Les couleurs de boucherie
de Eugène Savitzkaya

critiqué par JPGP, le 6 mai 2023
( - 77 ans)


La note:  étoiles
Les dévorations d'Eugène Savitzkaya
Les éditions Flammarion ont la bonne idée de republier un des livres clés - Les Couleurs de boucherie - d’Eugène Savitzkaya. Paru chez Bourgois en 1980, épuisé depuis longtemps, il ouvre - à côté des premiers romans de l'auteur, dont le superbe "Un jeune homme trop gros" - une veine plus personnelle qui va devenir le courant majeur de l'entreprise de l'écrivain belge.

Apparaît en particulier avec un des textes du livre ("Boucherien fabrique") la constitution d'un univers mental et physique où la langue se démonte et se reconstruit afin d'évoquer, au coeur de la sensation, la pureté, la cruauté, la fulgurance de l’imaginaire enfantin.

Sans souci du bon usage et de la bonne morale le corps ou le monde "pue au coeur" et montre ses entrailles. Le corps s'ouvre de ses trous et ses pores pour un jeu de massacre et au besoin des baisers de boue au lépreux de la langue.

La surprise est grande de découvrir si jeune un irrégulier de la langue.
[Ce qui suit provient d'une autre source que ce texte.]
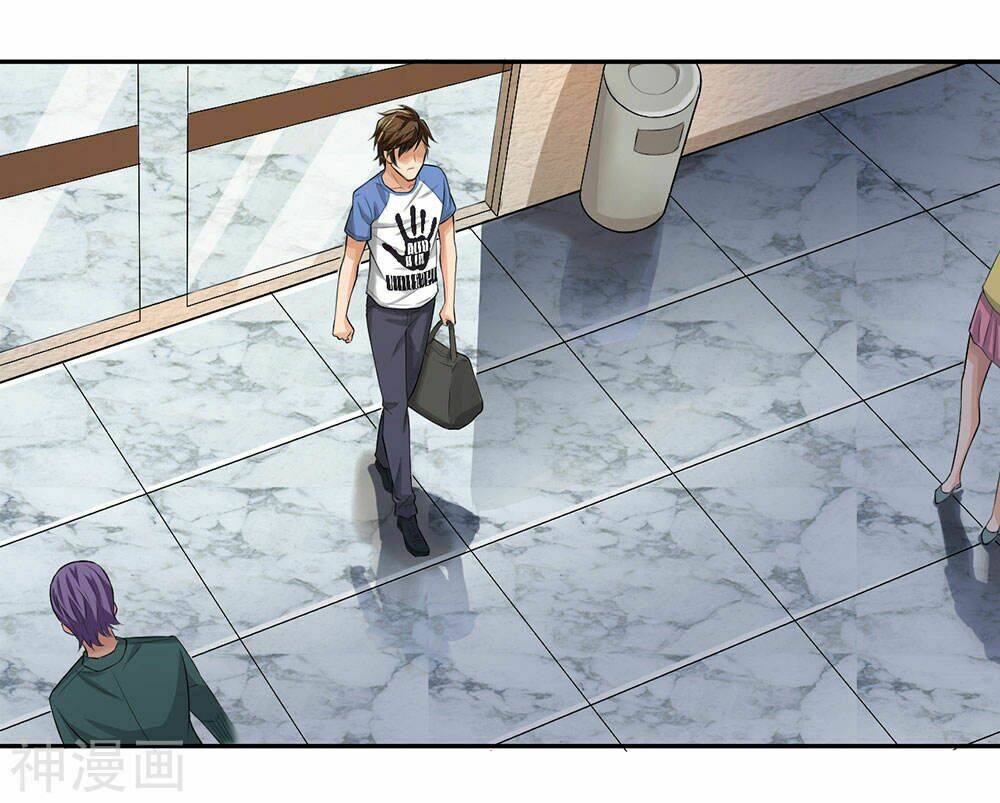 cực phẩm tiên y chapter 3 33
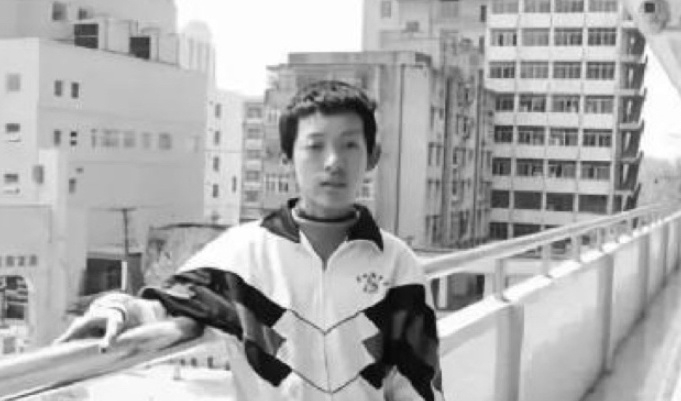 內地數學天才柳智宇曾獲奧數滿分，之後更保送北京大學數學系。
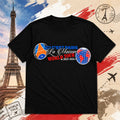 Paris Saint-Germain La Maison World Tour 2025-2026 T-Shirt PSG Merch Gift For Football Fans - Merchluma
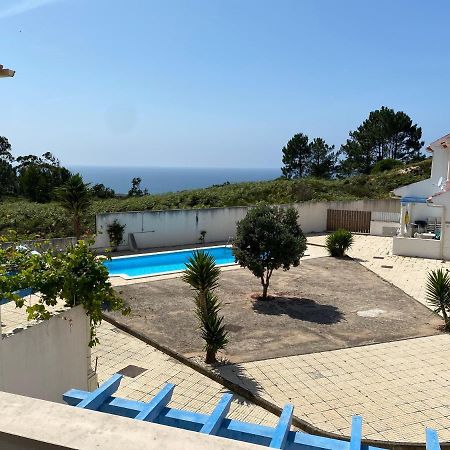 Villa Alice'S House à Nazaré Extérieur photo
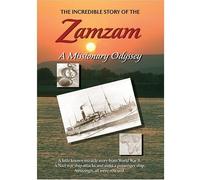 Zamzan: Missionary Odyssey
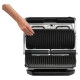 Tefal Grils OptiGrill+ XL, 2000W, 800cm2 - GC722834
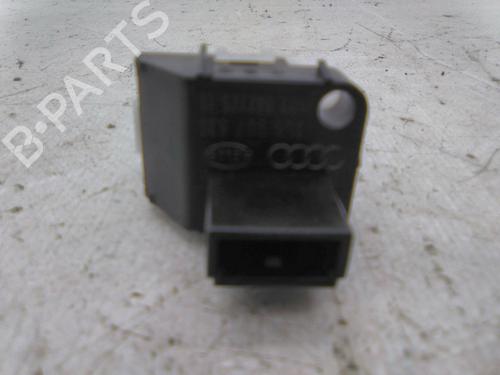 Electronic module AUDI A4 B6 Avant (8E5) 1.6 | BP19818023M83 - Image 3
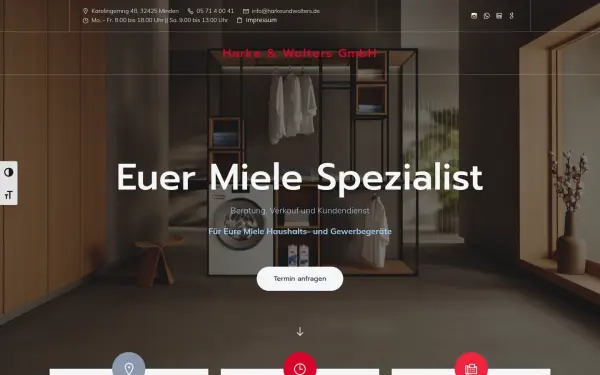 harkeundwolters.de
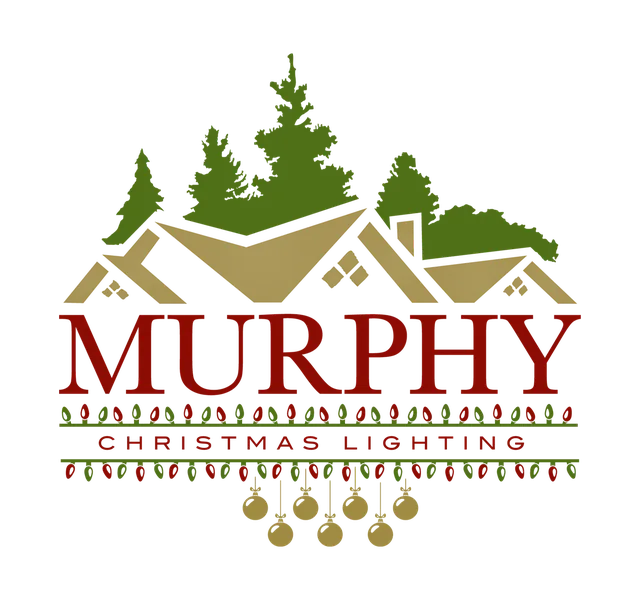 Murphy Christmas Lighting Logo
Dans la droite ligne de Rimbaud il brave les interdis du sexe, des genres et de la langue. Le texte suinte de divers excrétions. La boucherie sert d'étal au "mangeur décapité, comme au "saint garçon parmi les lions" qui au besoin porte des robes à "couleur de tombe". Elles se dérobent facilement pour que le corps se drape de pourpre ou d'humeurs gluante.
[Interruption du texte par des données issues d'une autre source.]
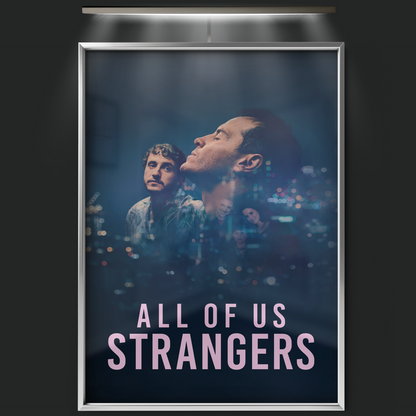 All Of Us Strangers (2023)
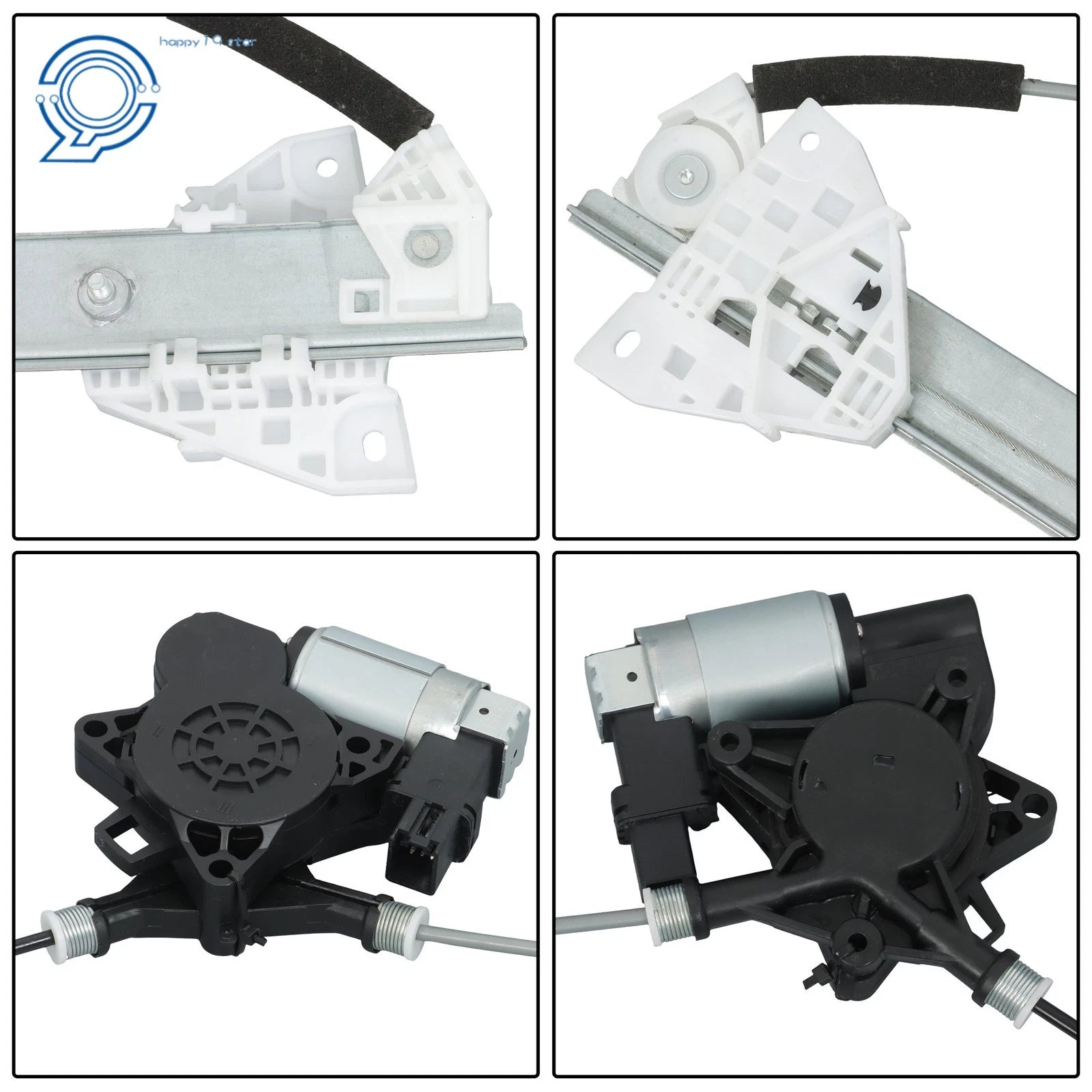 Power Window Regulator for Mazda CX-7 (2007-2012)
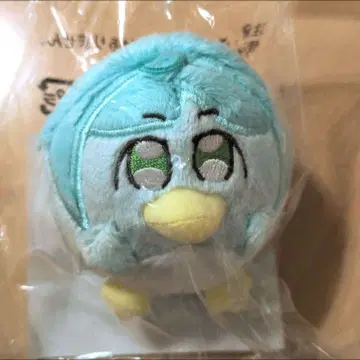 앙스타 부쿠스타 심해 카나타 미니 봉제 인형 오키펜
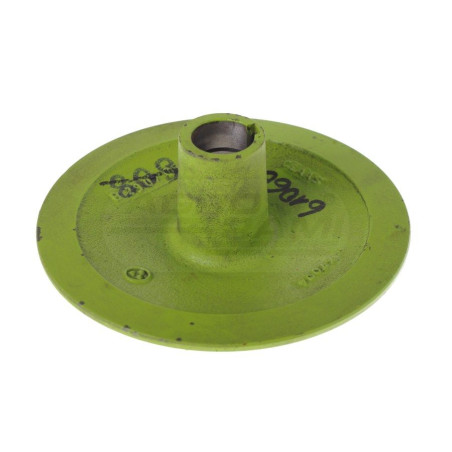 Koło przekładni bezstop. CL-670287.0 Claas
Savitzkaya nous jette déjà dans le volcan de la sensation qui se retrouve par exemple et entre autres dans « À la cyprine » (Editions de Minuit). Mais à l'époque de la Boucherie tout est plus violent car animé de la force qui va de la jeunesse propre à tout risquer.
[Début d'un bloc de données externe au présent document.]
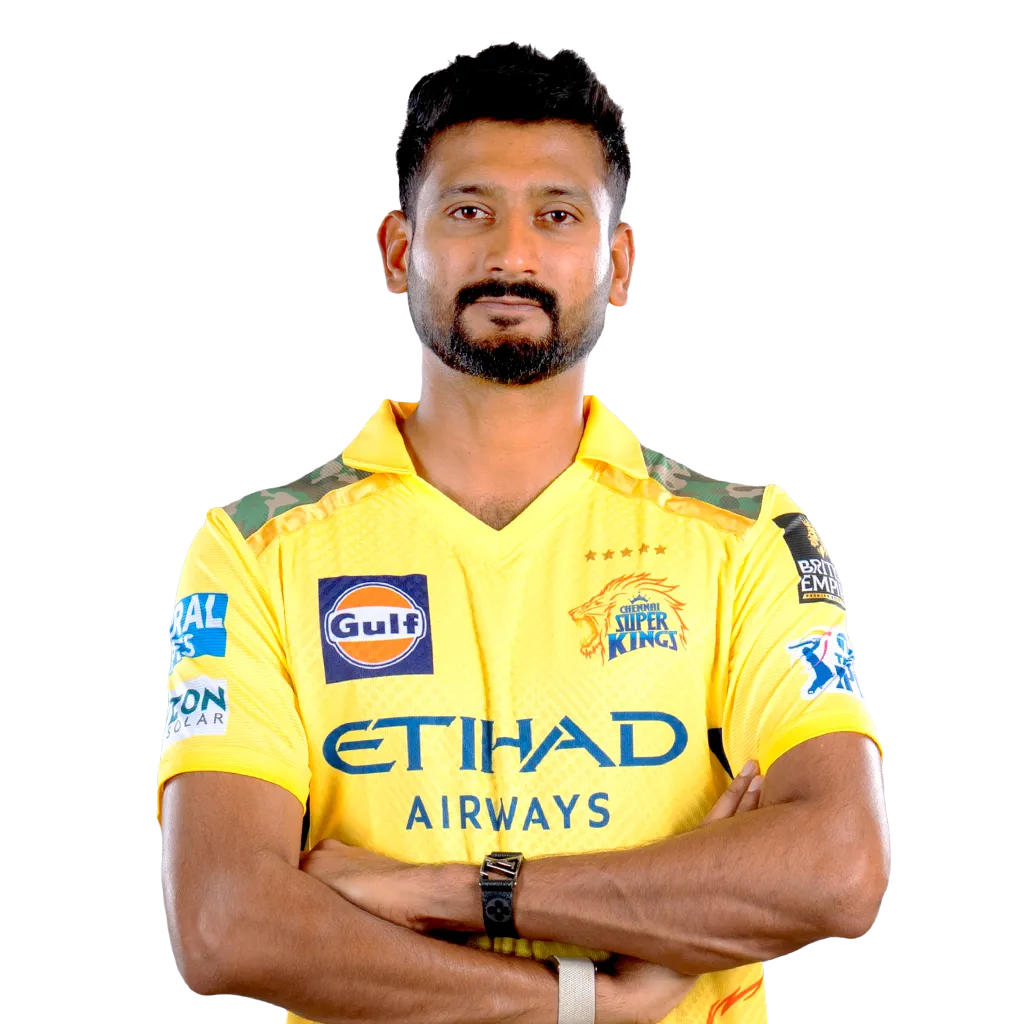 Khaleel Ahmed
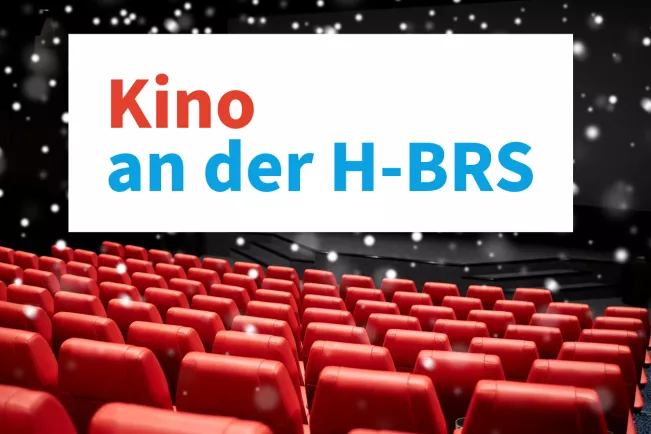 Kino an der H-BRS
Le souffle est là à portée de viande et de fleur là où le corps machine s'anime dans une dévoration qui porte "les draps hors de sa chambre" dans un embrigadement général et quasi cosmique là où le sentiment s'ignore au profit de la sensation de "l'obscur garçon" et de ses compagnons.

Dès ce moment où le vent décoiffa le jeune oiseau, celui-ci est emporté dans ses errements nécessaires et salutaires. Tout se débride des sinus au coeur entre douceur et amertume. La vie paraît donc périlleuse sauf bien sûr a qui ose la recherche d'un bonheur libre ou ce qui en tient lieu pour qui ignore le peur et possède l'appétit de dévorer la chair vivante.